MaxCompute:Spark Connector

Last Updated:Dec 04, 2025

MaxCompute open storage allows Spark to use a connector to call the Storage API and directly read data from MaxCompute. This simplifies the data reading process and improves access performance. By integrating with the data storage capabilities of MaxCompute, Spark provides efficient, flexible, and powerful data processing and analysis.

Usage notes

  • When a third-party engine accesses MaxCompute:

    • You can read standard tables, partitioned tables, clustered tables, Delta Tables, and materialized views.

    • You cannot read MaxCompute foreign tables or logical views.

  • Reading the JSON data type is not supported.

Procedure

  1. Activate MaxCompute and create a MaxCompute project.

  2. Purchase a subscription Data Transmission Service resource group.

  3. Deploy a Spark developer environment.

    Use a Spark package from version Spark 3.2.x - Spark 3.5.x. You can click Spark to download the package and extract it to a local folder.

    1. To set up the environment on a Linux operating system, see Set up a Linux developer environment.

    2. To set up the environment on a Windows operating system, see Set up a Windows developer environment.

  4. Download and compile the Spark connector. (Only Spark 3.2.x to 3.5.x is supported. This topic uses Spark 3.3.1 as an example.)

    Run the git clone command to download the Spark connector installation package. Make sure that Git is installed in the environment. Otherwise, an error occurs when you run the command.

    ## Download the Spark connector:
    git clone https://github.com/aliyun/aliyun-maxcompute-data-collectors.git
    
    ## Switch to the spark-connector folder
    cd aliyun-maxcompute-data-collectors/spark-connector 
    
    ## Compile
    mvn clean package
    
    ## Location of the Datasource JAR package
    datasource/target/spark-odps-datasource-3.3.1-odps0.43.0.jar
    
    ## Copy the Datasource JAR package to the $SPARK_HOME/jars/ folder
    cp datasource/target/spark-odps-datasource-3.3.1-odps0.43.0.jar $SPARK_HOME/jars/
  5. Configure the access information for your MaxCompute account.

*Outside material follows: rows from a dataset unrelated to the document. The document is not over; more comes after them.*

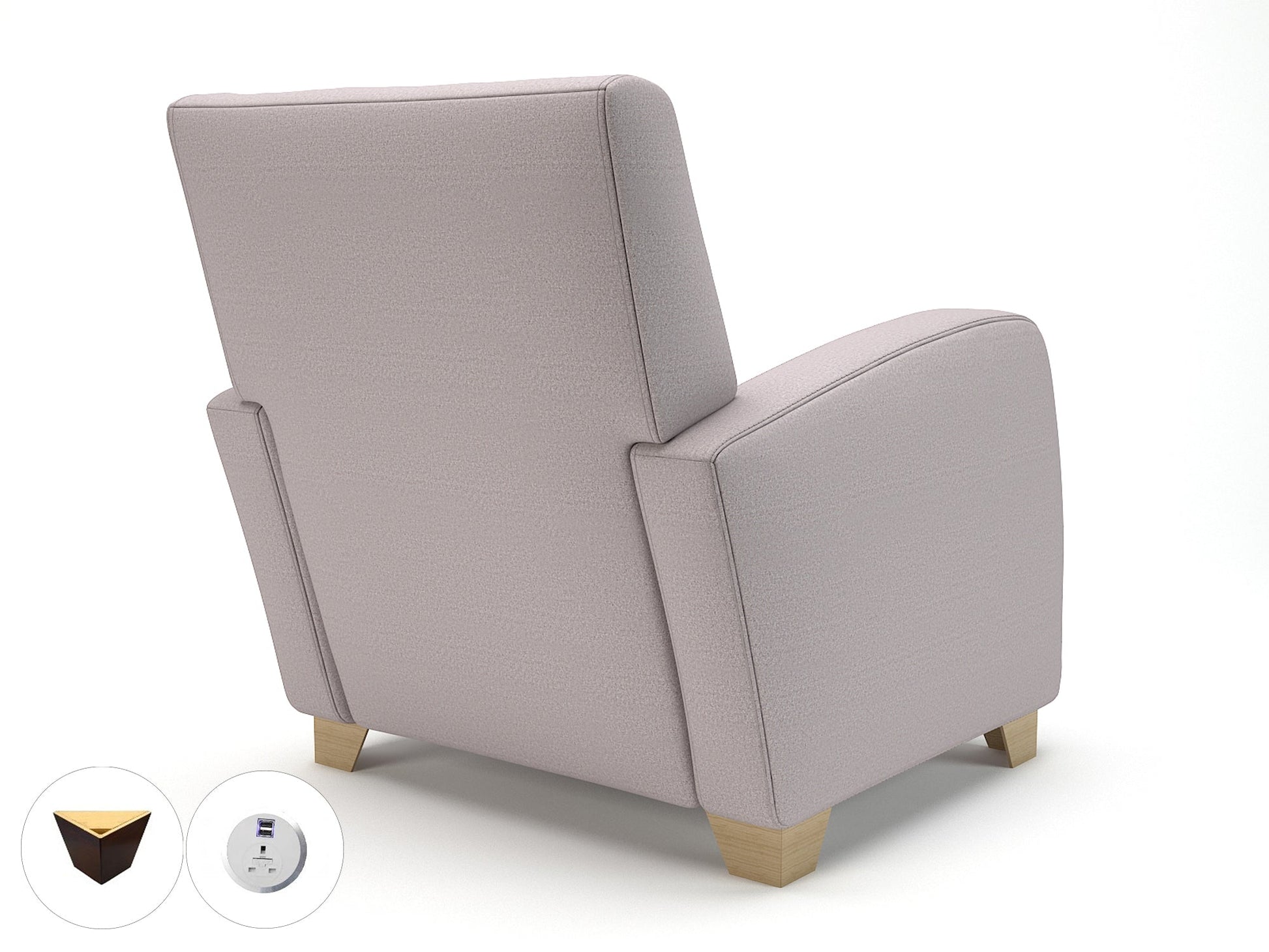 Wynne 81cm Wide Armchair in Warwick Dolly Fabric - Ergometric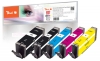 Peach Multi Pack, compatible with  Canon PGI-580, CLI-581, 2078C005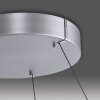 Paul Neuhaus Verlichting E-Clipse Hanglamp LED Zilver, 2-lichts, Afstandsbediening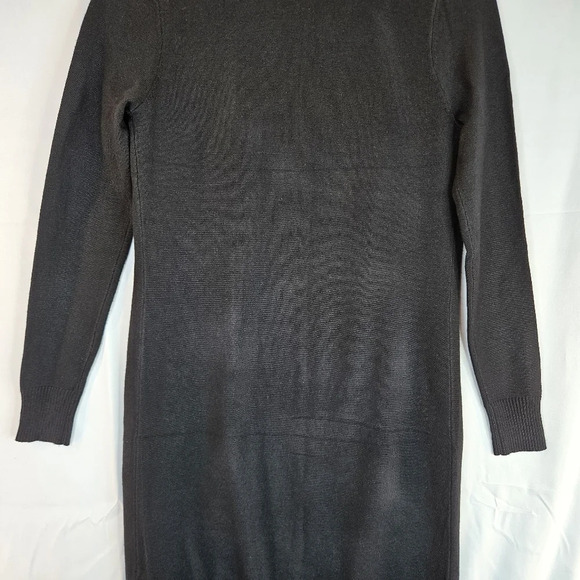 By Design Black knit Long Line Open Front Cardigan Casual Comfort Sz S, So Soft - Picture 9 of 10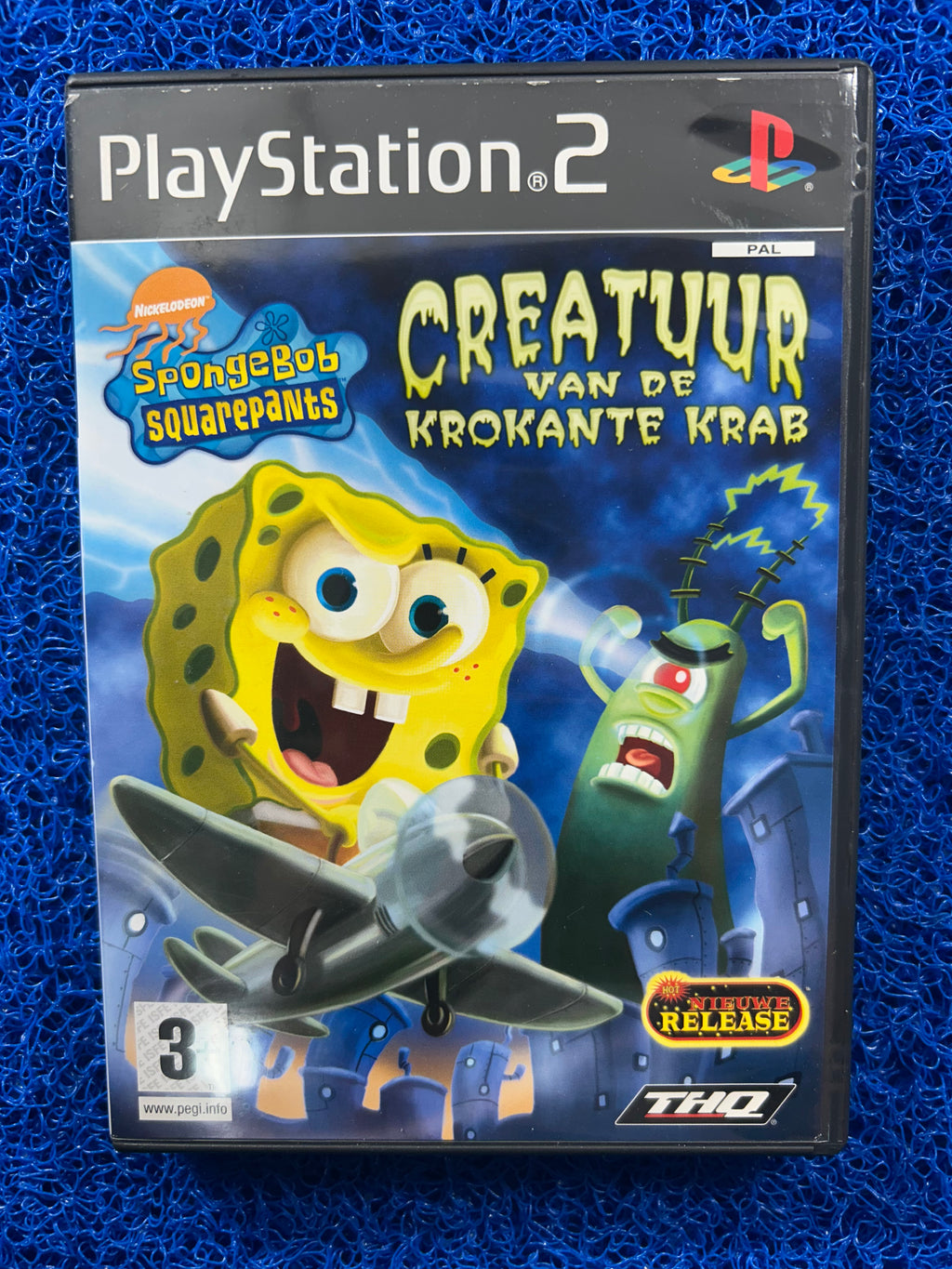 PS2 Spongebob squarepants creature krusty krab (E)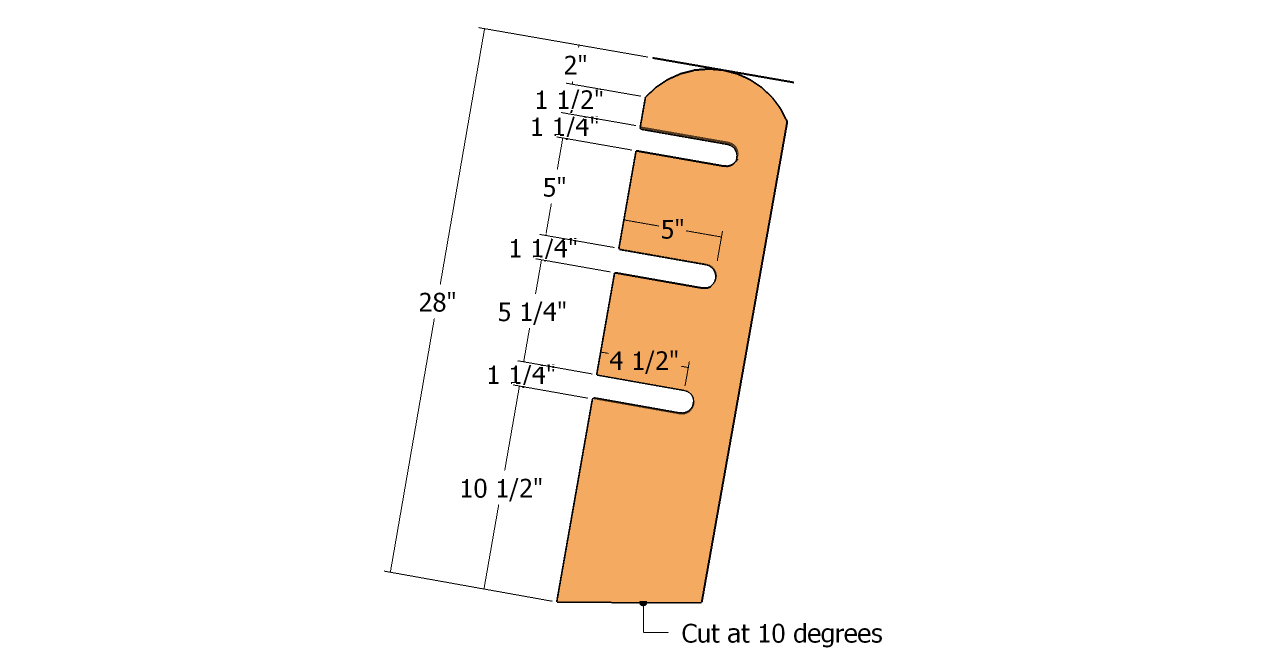 Skateboard Rack Plans | Free Outdoor Plans - DIY Shed, Wooden 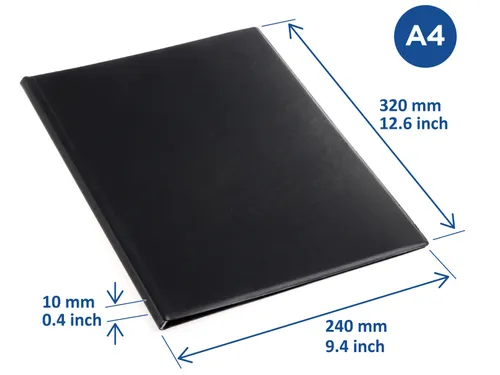 Showmap Rillstab A4 RI99414 1 Kanaals 10 Tassen Zwart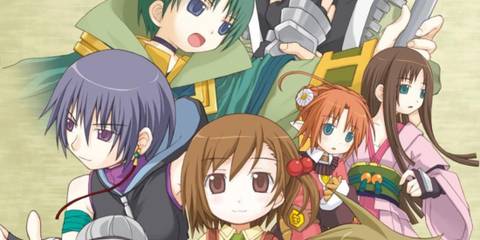 Key Art From Recettear An Item Shop's Tale Showing The Game's Protagonists In An Action Pose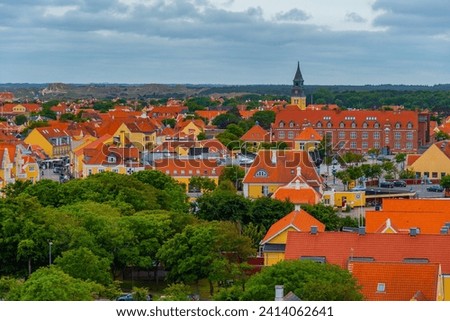 Aerial view of Danish town Skagen.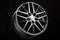 black beautiful sports alloy wheels forged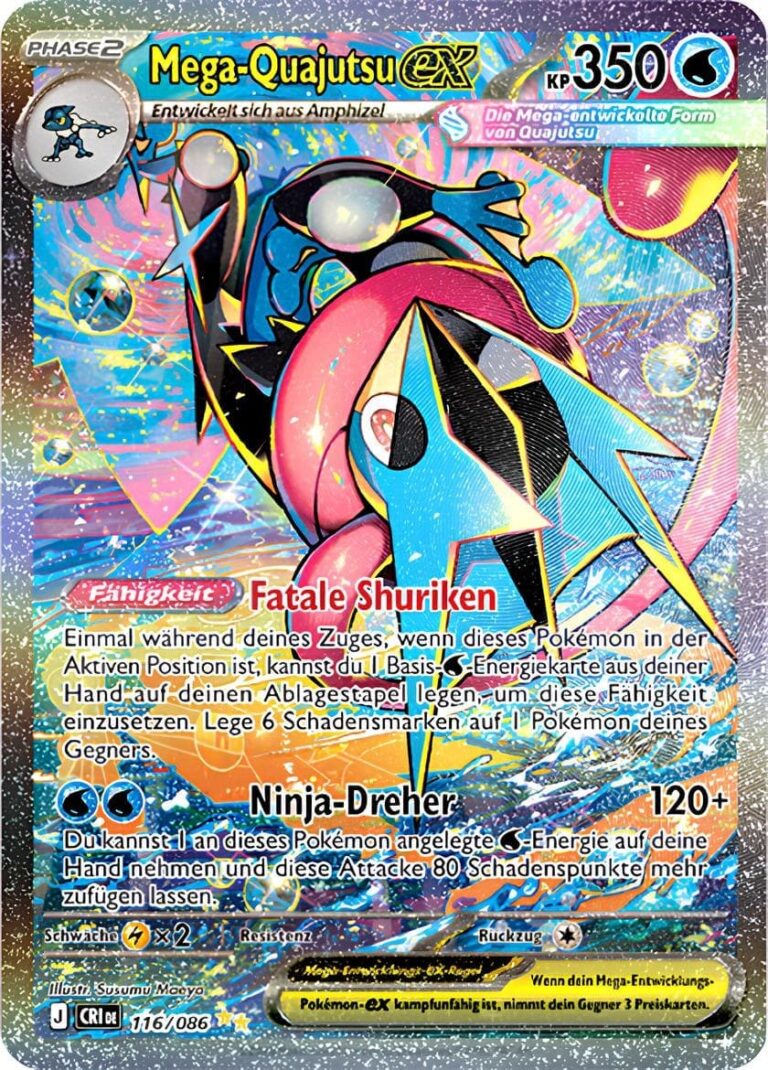 Mega-Quajutsu-ex-116-086-Wachsendes-Chaos-Special-Illustration-Rare-Pokémon-Karte-Deutsch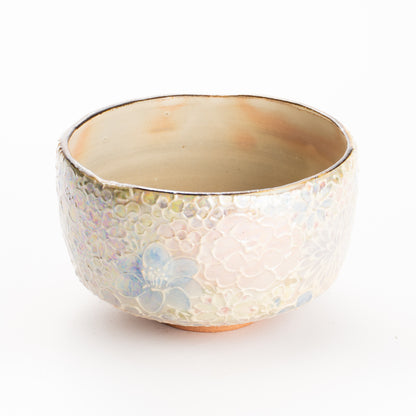 抹茶碗　ラスター彩 花詰A　俊山窯 KOTOPOTTER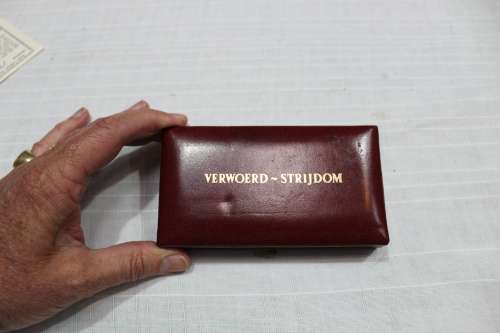 Sterling silver Verwoerd /Strijdom medallion set - only 250 minted!
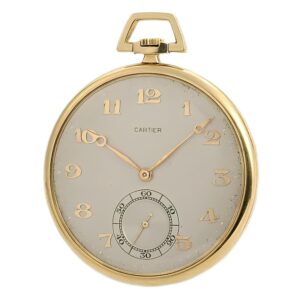 Exquisite Swiss thin gentleman's pocket watch circa 1920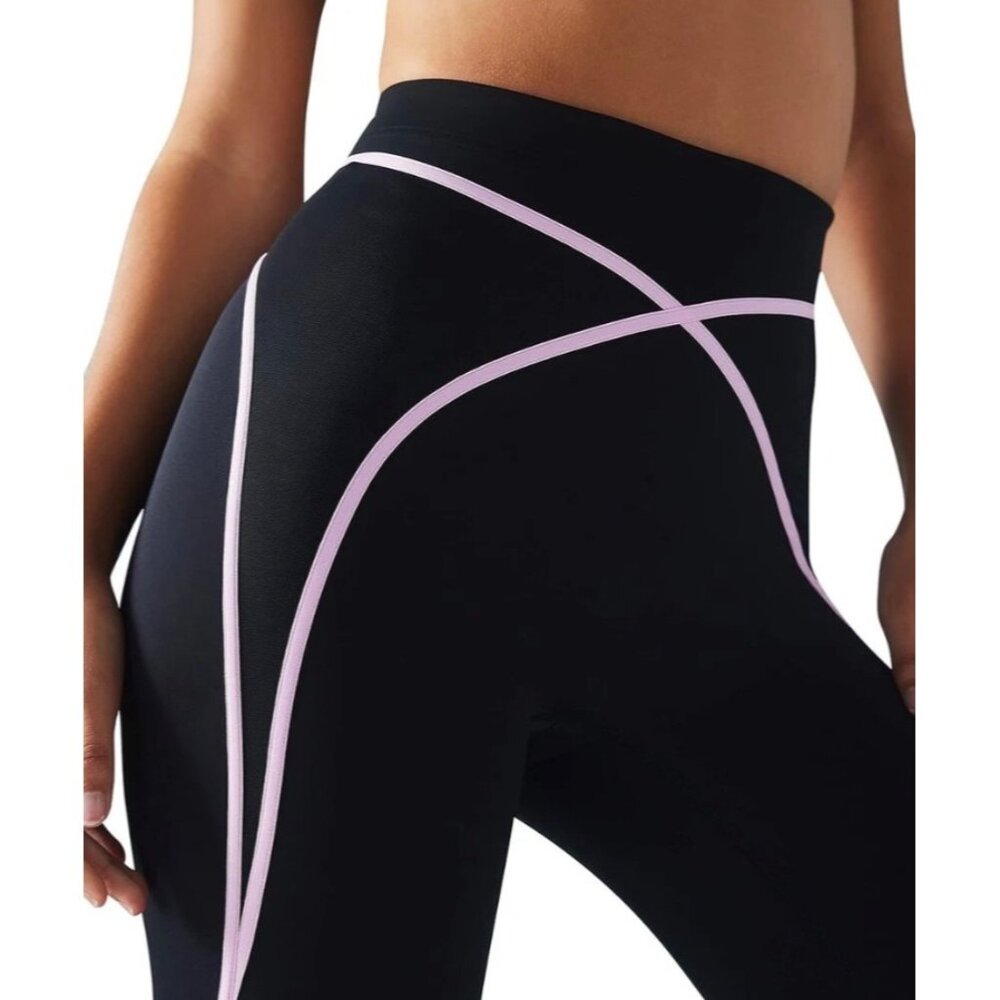 Savage X Fenty Womens X Mesh High-Waist Legging Size 1X Black Caviar - Picture 4 of 5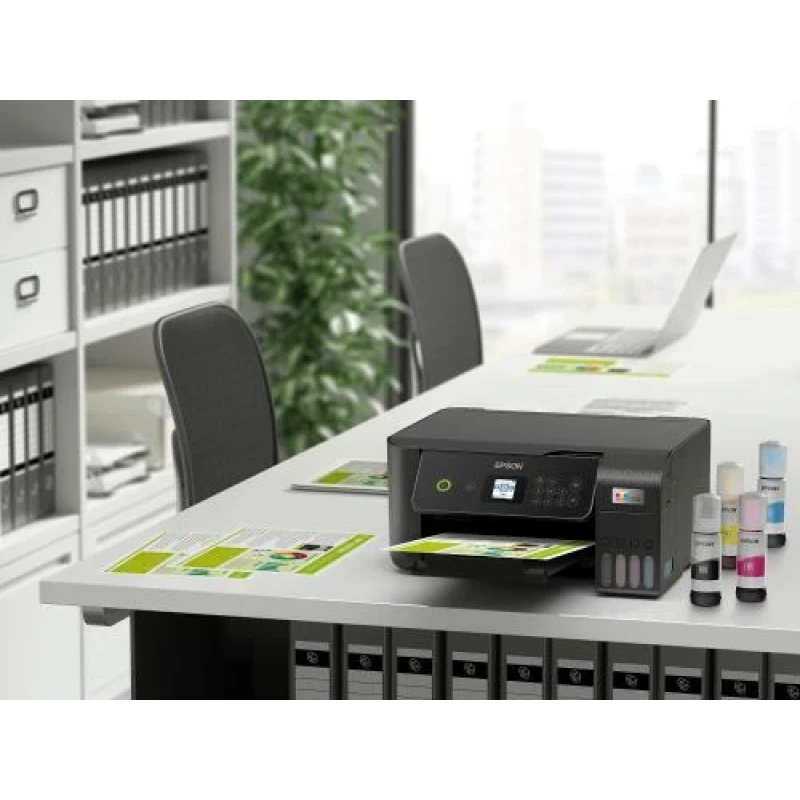 БФП струменевий кольоровий A4 Epson L3260, Black, WiFi, 5760х1440 dpi, до 33/15 стор/хв, РК-екран 3.7 см, USB, вбудоване СБПЧ, чорнило Epson 103 (C11CJ66409)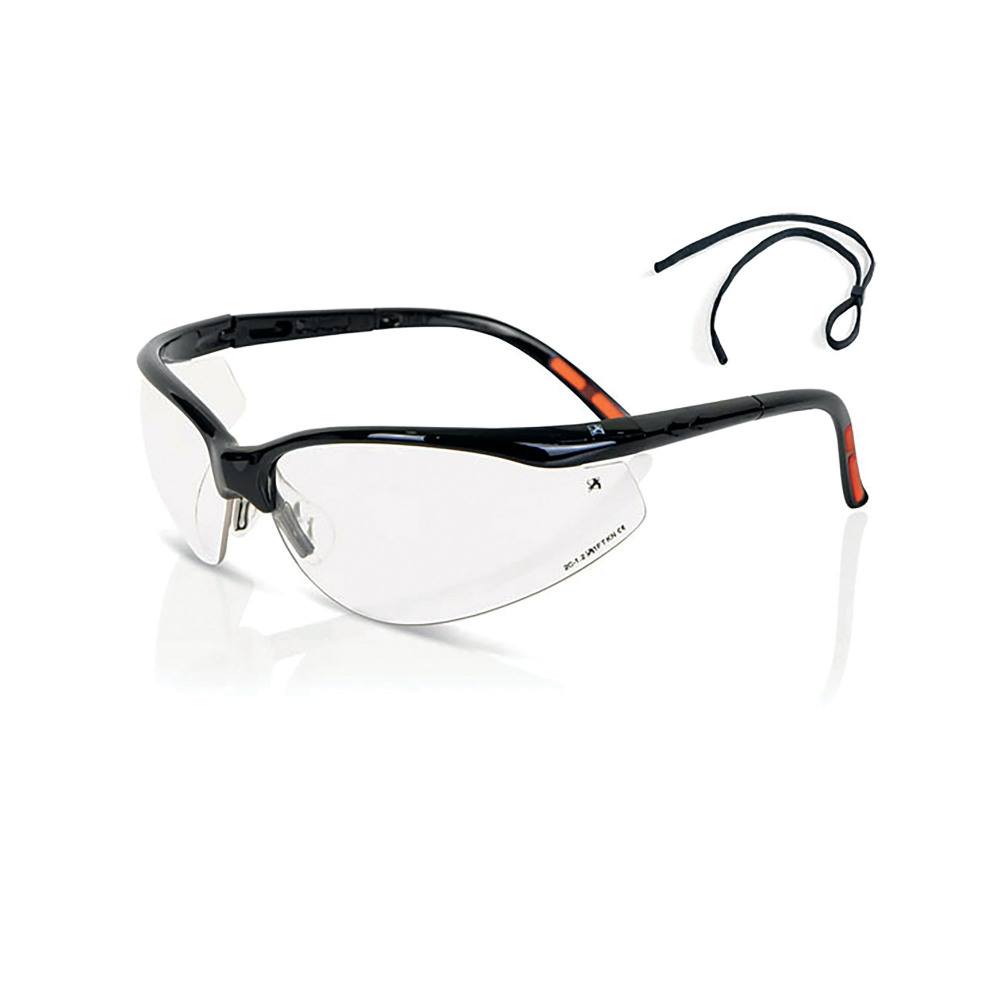 HIGH PERFORM LENS SAFETY SPECS CLR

    In the conf folder of Spark, create a spark-defaults.conf file:

    cd $SPARK_HOME/conf
    vim spark-defaults.conf

    Configure the account information in the spark-defaults.conf file:

    ## Configure the account in spark-defaults.conf
    spark.hadoop.odps.project.name=doc_test
    spark.hadoop.odps.access.id=L********************
    spark.hadoop.odps.access.key=*******************
    spark.hadoop.odps.end.point=http://service.cn-beijing.maxcompute.aliyun.com/api
    spark.hadoop.odps.tunnel.quota.name=ot_xxxx_p#ot_xxxx
    ## Configure the MaxCompute Catalog
    spark.sql.catalog.odps=org.apache.spark.sql.execution.datasources.v2.odps.OdpsTableCatalog 
    spark.sql.extensions=org.apache.spark.sql.execution.datasources.v2.odps.extension.OdpsExtensions
  6. Use the Spark connector to access MaxCompute.

    1. Run the following command in the bin folder of Spark to start the Spark SQL client:

      cd $SPARK_HOME/bin
      spark-sql
    2. Query the tables in the MaxCompute project:

      SHOW tables in odps.doc_test;

      doc_test is an example of a MaxCompute project name. Replace it with your actual project name.

    3. Create a table:

      CREATE TABLE odps.doc_test.mc_test_table (name STRING, num BIGINT);
    4. Read data from the table:

      SELECT * FROM odps.doc_test.mc_test_table;
    5. Create a partitioned table:

       CREATE TABLE odps.doc_test.mc_test_table_pt (name STRING, num BIGINT) PARTITIONED BY (pt1 STRING, pt2 STRING);
    6. Read data from the partitioned table:

      SELECT * FROM odps.doc_test.mc_test_table_pt;

      The following code provides an example of the result:

      test1   1       2018    0601
      test2   2       2018    0601
      Time taken: 1.312 seconds, Fetched 2 row(s)
    7. Delete the table:

      DROP TABLE IF EXISTS odps.doc_test.mc_test_table;